This is more of an elaboration of The Almighty Bob's answer:
It is true that if we start from a competitive market (i.e. large numbers of buyers and sellers), then granting market power to sellers (e.g. workers) by allowing the formation of a monopolistic cartel is bad for efficiency. Those sellers will use their market power to increase the price (and reduce the quantity traded), resulting in a deadweight loss. Thus, we tend to look suspiciously upon practices that create market power. Note that here, the policy intervention we have in mind is to break up the cartel and return us to a competitive world.
Why should the labour market be viewed differently? Part of the answer is that the relevant counterfactual has changed. Begin with a world without labour unions. The market will then typically not be competitive because there are often a small number of employers who themselves enjoy market power. Just as a monopolist seller can drive up the price, these monopsonistic (or oligopsonistic) buyers of labour can use their power to drive down the price.
Now we are faced with the following policy problem:
How can we correct for employers' market power and restore wages toward the (higher) efficient level?
Two simple solutions come immediately to mind:
Reduce employer's market power by stimulating competition between employers. This is achieved, to some extent, by antitrust policy. But it's hard to do much more here short of forcing more businesses to hire more workers.
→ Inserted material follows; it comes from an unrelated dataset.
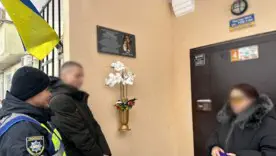 У Києві неповнолітнього притягнули до відповідальності за наругу над місцем пам’яті воїна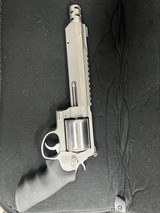 SMITH & WESSON 460 XVR PERFORMANCE CENTER .460 S&W MAGNUM - 1 of 2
Allow workers to form unions so that both workers and employers have market power. If the firms try to use their power to drive wages down and the workers use it to drive them up then there is a sense in which the two will 'cancel out' and the result can be closer to the efficient wage than a market in which only employers have market power.
Whether the second solution indeed works or not depends upon a whole range of factors. Here are a few:
- If the employer side of the market is, in fact, quite competitive then the correction will likely be too big and we will end up with wages that are inefficiently high.
- If bargaining is very costly then it might be more efficient to have one side (e.g. the employers) unilaterally set the wage.
- If there is uncertainty about the wage that firms are willing to pay/workers are willing to accept then bargaining may inefficiently break down (see the Myerson-Satterthwaite Theorem).